As we were searching through the sea of information on the Internet, we realized that there isn’t one post that fully explained the pros and cons of an induction hob and a gas hob, in a simple and succinct way.
So here’s our attempt to help home owners out there in making their choice.
Here’s an example of an induction hob:
Source: Kitchen design ideas
An induction hob heats up cookware via magnetic induction.
Pros of an induction cooker in your home:
- Rapid increase in temperature can be achieved
- Efficient cooking time could lead to saving on your electrical bills
- You don’t “waste” heat using induction, versus a gas hob that loses part of the fire’s heat (the space between the ignition and the cookware)
- Safe for children and pets, even if they touch the stove during cooking (there are some with child safety functions)
- Looks sleek and minimalistic
- Easier to clean
- When you’re not using your stove, you can actually use that space to put books or small cutlery
- Very precise temperature control (again, subjective because some chefs swear by gas)
- Cooler kitchen and stovetop
Cons of an induction cooker in your home:
- Usually more expensive to purchase
- Not all cookware are compatible with induction cooking (say goodbye to cooking with your Happycall and Le Crueset)
- If there’s an electrical outage, you can’t cook (although we won’t recommend you cooking at all, should this occur)

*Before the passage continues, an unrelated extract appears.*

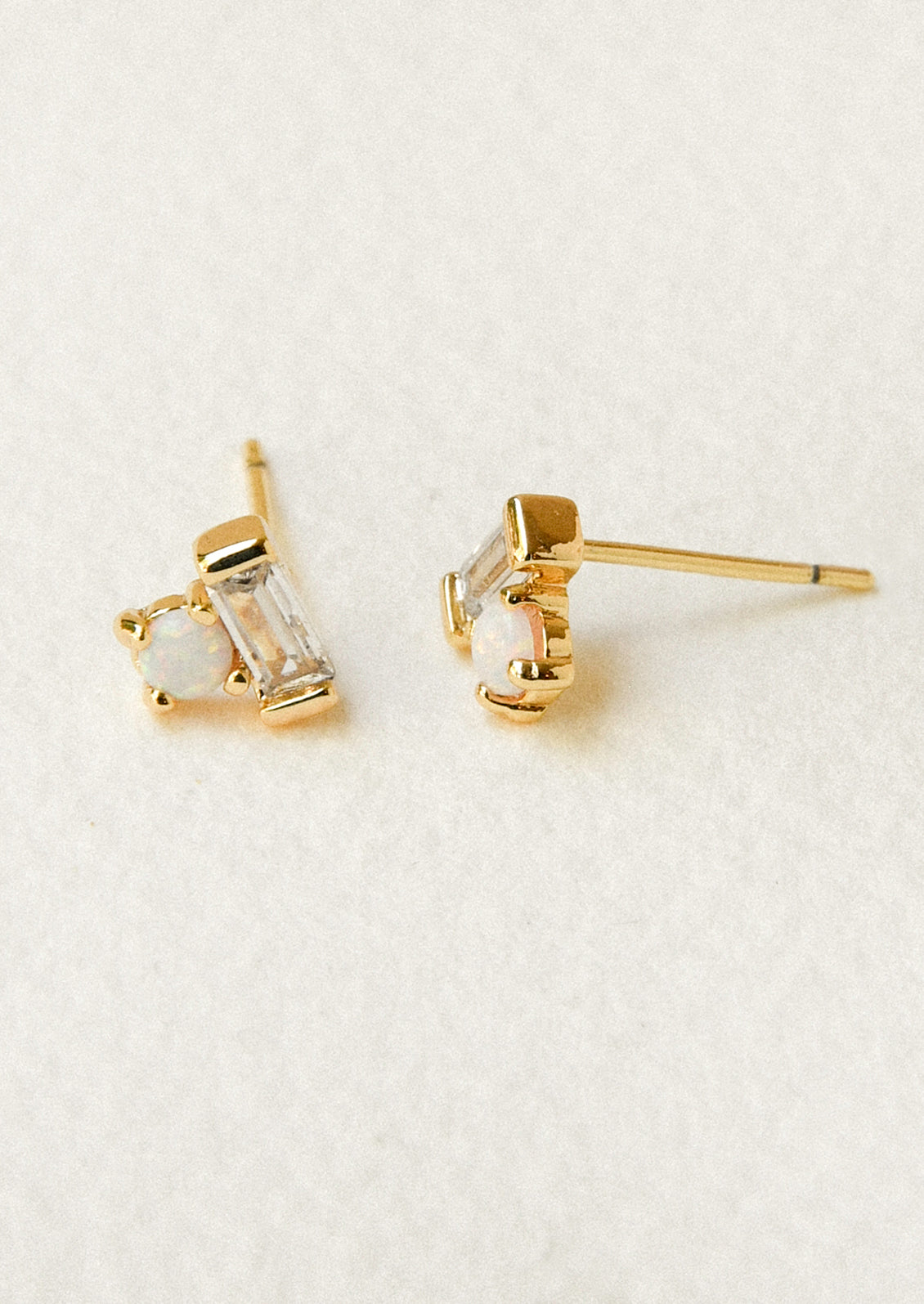 A pair of gold earrings with a baguette shaped gem stacked on top of an opal gem.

- People online have said that induction cooking will cause electrical bills to spike, but my colleague’s mother who had a kitchen accident (so she switched from gas to induction) said that the electrical bills for her maintained around the same.
Here’s an example of a gas hob:
Source: 365 electrical
A gas hob uses thermal conduction from a frame to heat up the cookware.

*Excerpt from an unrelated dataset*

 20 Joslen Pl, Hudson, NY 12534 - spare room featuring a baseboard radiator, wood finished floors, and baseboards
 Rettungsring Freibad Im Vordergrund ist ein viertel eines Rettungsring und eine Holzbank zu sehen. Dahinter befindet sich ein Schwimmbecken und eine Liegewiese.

Pros of a gas cooker in your home:
- Usually less expensive to purchase
- Compatible with almost all cookware
- People are used to it (seeing fire) and there are chefs online that swear by gas only
- Gas hobs are better for making sauces, roasting and frying with the wok (in Cantonese, it’s For-Hei)

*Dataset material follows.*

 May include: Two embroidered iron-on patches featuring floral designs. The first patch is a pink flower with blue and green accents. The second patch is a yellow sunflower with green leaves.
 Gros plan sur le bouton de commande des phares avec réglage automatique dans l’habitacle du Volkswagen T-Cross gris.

- It’s better for round-based cookware like the wok
- (Unproven from what I know) It is cheaper to cook with gas
Cons of a gas cooker in your home:
- It takes a while before the cookware heats up, causing the gas consumption to be higher in general
- You may take longer to cook
- Anything around it that catches the fire, will get burnt (your hair, paper towels, books, curious pets and curious children, unfortunately)
- A more complicated process in cleaning and food may harden or get stuck to the stove
- Dangerous, should there be a gas leak
Consider all the above points and think about YOUR lifestyle, YOUR preference and YOUR comfort level, instead of listening to too much advice from well-meaning friends or over-enthusiastic older folks who insist that their way is better than yours, simply because they are older.
No matter what, have fun discussing the pros and cons with your significant other or house mate. Also, take your time to mull over it and watch the numerous YouTube videos that are available.
If you’re keen to know which option we have picked for ourselves…
Minimalists + don’t want to spend a lot of time cleaning + future cat owners + future parents + kinda klutzy wife in the kitchen = induction hob.